EXERCISE OBJECTIVE: In the entries that follow, the line with "HUF 89 Printed Easy Shorts in BROWN" opens the range and the line with "EPOMAKER X AULA" closes it; repeat that range exactly, both lines included.

Scraped caption text data:
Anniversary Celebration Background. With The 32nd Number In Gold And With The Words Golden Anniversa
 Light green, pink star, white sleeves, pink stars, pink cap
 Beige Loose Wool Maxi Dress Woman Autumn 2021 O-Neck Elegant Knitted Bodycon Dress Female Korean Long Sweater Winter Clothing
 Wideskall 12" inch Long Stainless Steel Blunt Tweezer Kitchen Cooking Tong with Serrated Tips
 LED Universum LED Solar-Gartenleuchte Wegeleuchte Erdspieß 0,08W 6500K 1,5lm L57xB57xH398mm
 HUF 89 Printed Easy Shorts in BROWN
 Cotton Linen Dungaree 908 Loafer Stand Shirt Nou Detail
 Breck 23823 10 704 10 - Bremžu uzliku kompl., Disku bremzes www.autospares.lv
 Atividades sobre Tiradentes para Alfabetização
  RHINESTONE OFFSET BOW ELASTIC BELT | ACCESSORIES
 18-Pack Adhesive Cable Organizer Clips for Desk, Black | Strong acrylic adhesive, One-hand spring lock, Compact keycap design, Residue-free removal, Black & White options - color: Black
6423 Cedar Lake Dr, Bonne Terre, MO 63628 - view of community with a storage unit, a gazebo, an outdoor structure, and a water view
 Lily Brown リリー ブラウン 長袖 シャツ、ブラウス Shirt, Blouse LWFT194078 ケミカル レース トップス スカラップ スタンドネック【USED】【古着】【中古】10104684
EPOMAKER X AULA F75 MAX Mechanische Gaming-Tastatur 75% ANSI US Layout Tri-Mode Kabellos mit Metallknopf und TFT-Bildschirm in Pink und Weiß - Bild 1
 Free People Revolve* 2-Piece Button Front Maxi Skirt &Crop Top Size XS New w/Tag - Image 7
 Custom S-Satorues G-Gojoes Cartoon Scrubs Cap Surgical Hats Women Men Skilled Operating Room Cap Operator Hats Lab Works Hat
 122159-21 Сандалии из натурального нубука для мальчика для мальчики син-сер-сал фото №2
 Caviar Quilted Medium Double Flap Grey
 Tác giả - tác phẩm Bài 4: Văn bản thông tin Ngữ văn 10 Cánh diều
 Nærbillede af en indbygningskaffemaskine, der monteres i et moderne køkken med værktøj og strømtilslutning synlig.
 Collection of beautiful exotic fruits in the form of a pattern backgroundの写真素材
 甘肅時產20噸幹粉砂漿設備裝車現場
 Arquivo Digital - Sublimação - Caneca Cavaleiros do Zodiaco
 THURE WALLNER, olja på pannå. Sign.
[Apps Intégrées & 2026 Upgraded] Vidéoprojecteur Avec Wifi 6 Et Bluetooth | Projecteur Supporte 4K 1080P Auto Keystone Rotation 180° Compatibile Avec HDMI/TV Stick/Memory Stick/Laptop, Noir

ANSWER TO THE PROBLEM:
 HUF 89 Printed Easy Shorts in BROWN
 Cotton Linen Dungaree 908 Loafer Stand Shirt Nou Detail
 Breck 23823 10 704 10 - Bremžu uzliku kompl., Disku bremzes www.autospares.lv
 Atividades sobre Tiradentes para Alfabetização
  RHINESTONE OFFSET BOW ELASTIC BELT | ACCESSORIES
 18-Pack Adhesive Cable Organizer Clips for Desk, Black | Strong acrylic adhesive, One-hand spring lock, Compact keycap design, Residue-free removal, Black & White options - color: Black
6423 Cedar Lake Dr, Bonne Terre, MO 63628 - view of community with a storage unit, a gazebo, an outdoor structure, and a water view
 Lily Brown リリー ブラウン 長袖 シャツ、ブラウス Shirt, Blouse LWFT194078 ケミカル レース トップス スカラップ スタンドネック【USED】【古着】【中古】10104684
EPOMAKER X AULA F75 MAX Mechanische Gaming-Tastatur 75% ANSI US Layout Tri-Mode Kabellos mit Metallknopf und TFT-Bildschirm in Pink und Weiß - Bild 1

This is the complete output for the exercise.